As more organisations are introducing agile practices, the pressure is on change leaders and change practitioners to deliver solutions faster, and apply more iterative approaches. Sometimes, in the busy-ness and chaotic nature of our work, we can become so entrenched in looking for new systems, processes and frameworks to help us work through these expectations, that we forget the first principles of change management - the people who are affected. 

We can look to other human-centred disciplines to help us put our people back to the heart of how we deliver change.

A couple of months ago, I published a blog and white paper on the High 5 of Change Mastery, that identified and defined five capabilities we need to lead and manage change in a disruptive business environment. Of these five, two capabilities that can help us design approaches to deliver human-centred change are:

  • Design thinking - a solution focussed and human-centred approach to create the future for customers and employees.
  • Hardwired human behaviour - understanding and consideration of the hardwired drivers for responses to change, how we decide and the cognitive biases that trip us up.

Human-centred approaches can help us uncover the range of emotions from reward and excitement to threat and fear, and the triggers that drive these responses.

1. Design thinking

Design thinking, as a human-centred practice, is used to develop innovative solutions to everyday business challenges.

Just as design thinking develops empathy and solutions for our customers, it can also be used to plan and introduce change. The methods used to gain deep insights into customer pain points and practical solutions are the same approaches we can apply when engaging with our impacted users. For example, by starting with deep empathy for our people early in the change planning, we open the path for a conversation about their needs and frustrations, through multiple perspectives. In turn, this helps us to define the problem before we jump into a solution-based change approach.  

Integrate design thinking practices into your change approach to drive meaningful conversations with your stakeholders and impacted employees. Run workshops to develop employee journey maps that visually represent the current and future state, to uncover what your people are doing, thinking and feeling now, and what they see themselves doing, thinking and feeling after the change is implemented.

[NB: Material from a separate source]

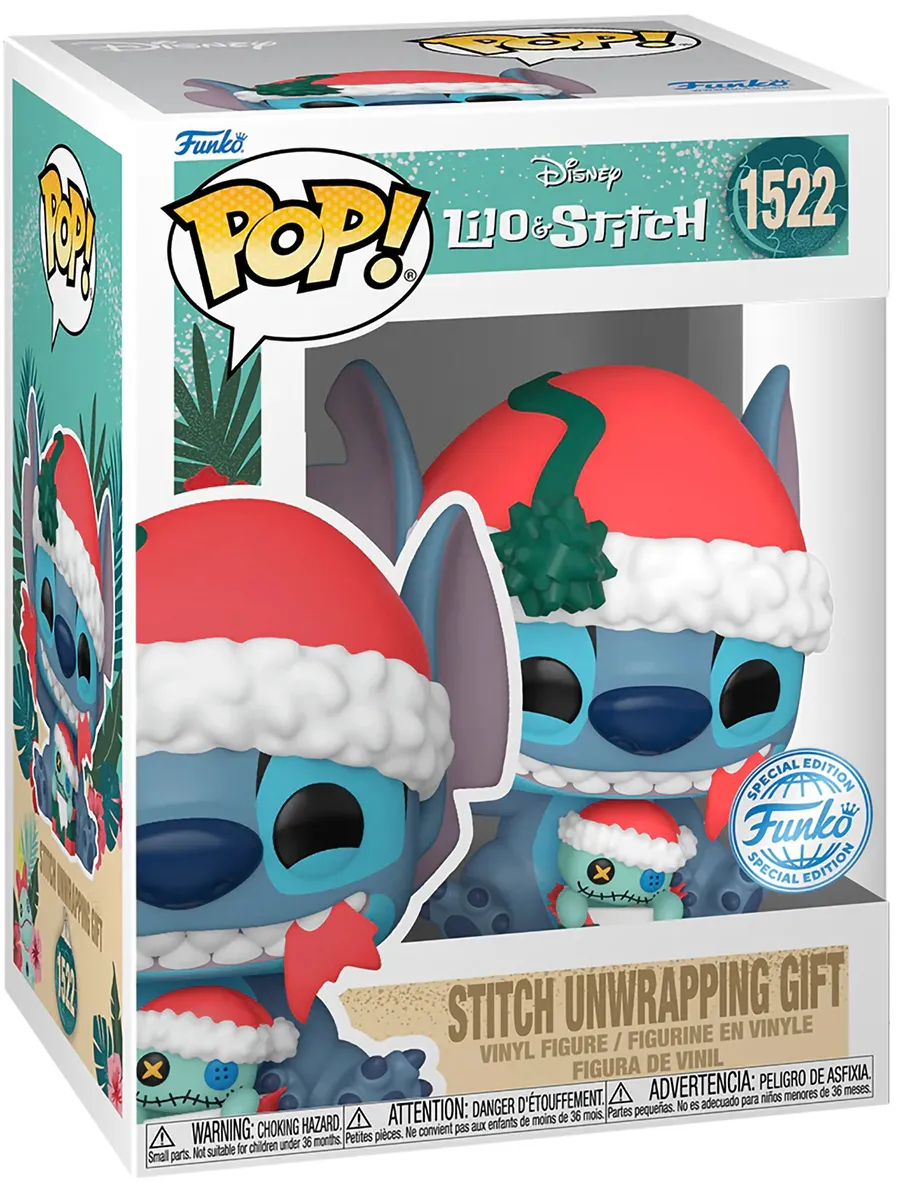 Фигурка Funko POP! Дисней Лило и Стич Unwrapping Gift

We can also identify post-implementation measures through the journey map lens of what we want our people to do, to think and how we want them to feel. Find out a little more on how I’ve used this for change metrics in a previous blog that explores how human-centred design intersects with change management.  

2. Hardwired human behaviour

New insights from the field of neuroscience help us better understand our hardwired behaviour and how we can deliver change with a fresh perspective. Now that we know more about our primal responses to threat and reward, along with our built-in biases, we can lead change and prepare our people with an approach that’s designed to minimise the threat response. We also know that the human response to change is not always resistance, yet our change plans often assume it.

For a long time, organisations have understood the hidden costs of productivity dips and a disengaged workforce. Understanding hardwired human behaviour, through insights from neuroscience, can help us understand how and when discomfort occurs in the brain.

The key here is to run workshops to find out more about what is provoking a threat response, as this has a direct impact on productivity and the bottom line. Consider which stakeholders may perceive loss or gain as a result of the change. We need to uncover the range of responses, along with the emotional triggers that will potentially affect productivity, and eventually adoption. For some tips on how to do this, check out this guest blog I wrote for leanchange.org on how to run a team workshop using the SCARF model.

With human-centred practices, we can create a safe place for people to talk about how they are feeling and what they are thinking.

These two approaches provide human insights about our people that may not be otherwise uncovered, and help us find the ‘sweet spot’ where we deliver human-centred change.

The good news is that they will work in almost any environment, regardless of the framework or methodology you have in place.